Items from a dataset
........
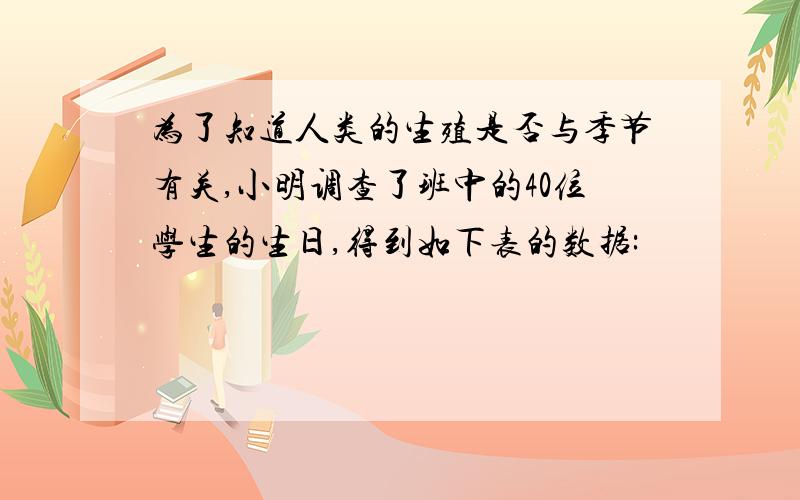 为了知道人类的生殖是否与季节有关,小明调查了班中的40位学生的生日,得到如下表的数据:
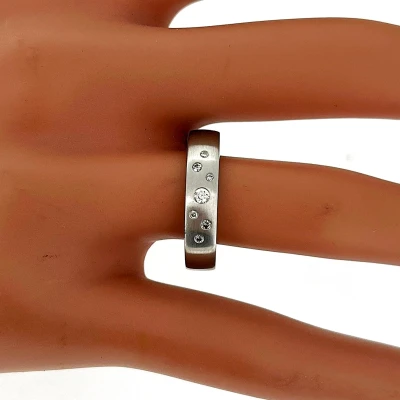 0.10ct Diamond & 9ct White Gold BRUSHED 5mm Slight Court Wedding Band 6.3g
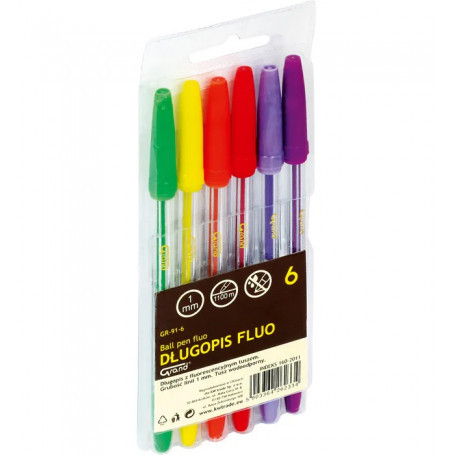 Pix neon GRAND, blister 6 culori, orange/verde/albastru/rosu/mov/ciclam, varf 1mm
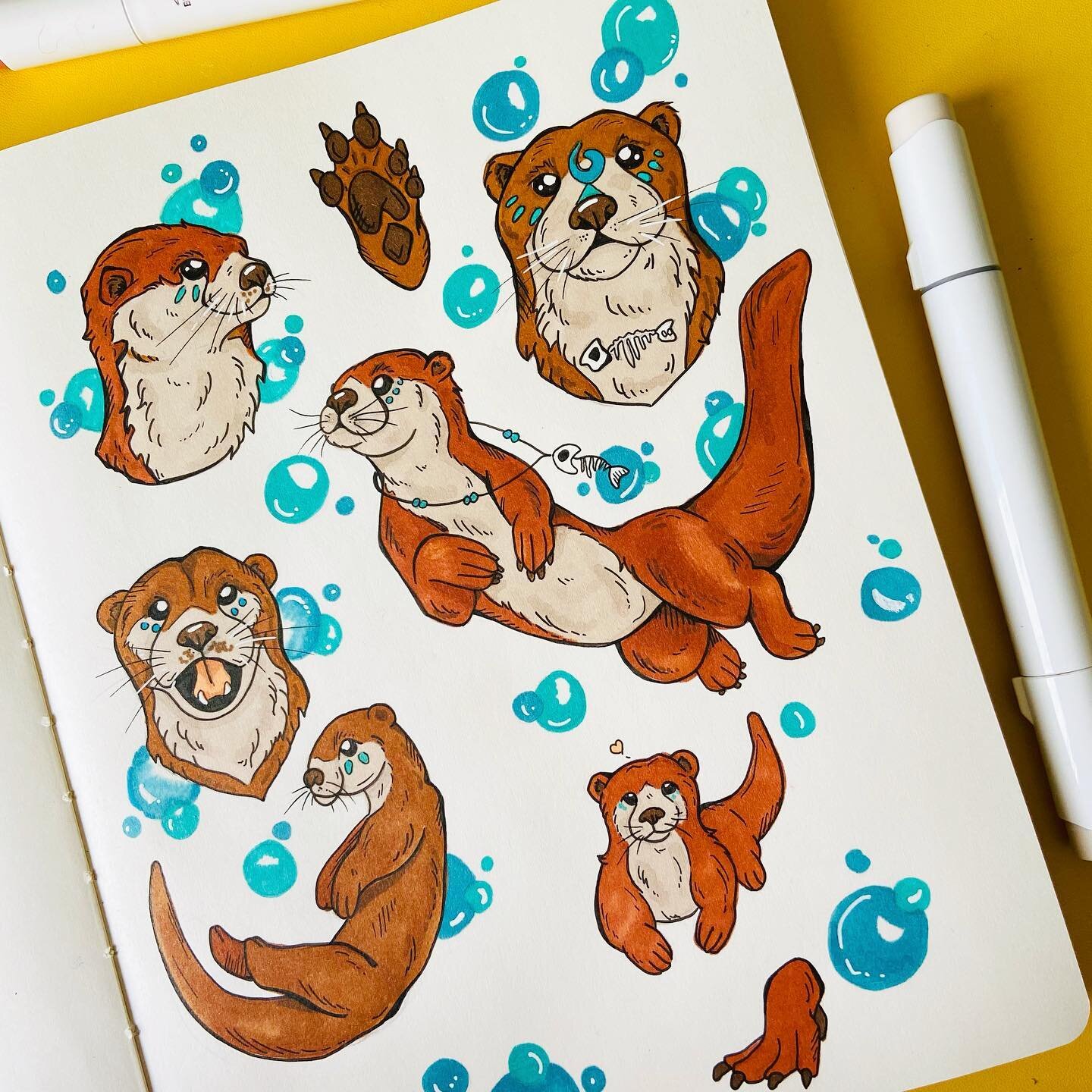 I completed this otter spread this weekend - not going to lie, I was really pleased with it! 🥰🦦 

I used my new @ohuhuart markers which are an absolute dream. I&rsquo;m converted. 

I think I&rsquo;d love to make one or two of these little cuties a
........
◆ **What you are asked to do**:
Your answer must be the lines from the line containing "0.10ct Diamond &" through the final line of the data, written out exactly, both ends included and pictures left out.

◆ **Response to this exercise**:
 0.10ct Diamond & 9ct White Gold BRUSHED 5mm Slight Court Wedding Band 6.3g
 Pix neon GRAND, blister 6 culori, orange/verde/albastru/rosu/mov/ciclam, varf 1mm
 I completed this otter spread this weekend - not going to lie, I was really pleased with it! 🥰🦦 

I used my new @ohuhuart markers which are an absolute dream. I&rsquo;m converted. 

I think I&rsquo;d love to make one or two of these little cuties a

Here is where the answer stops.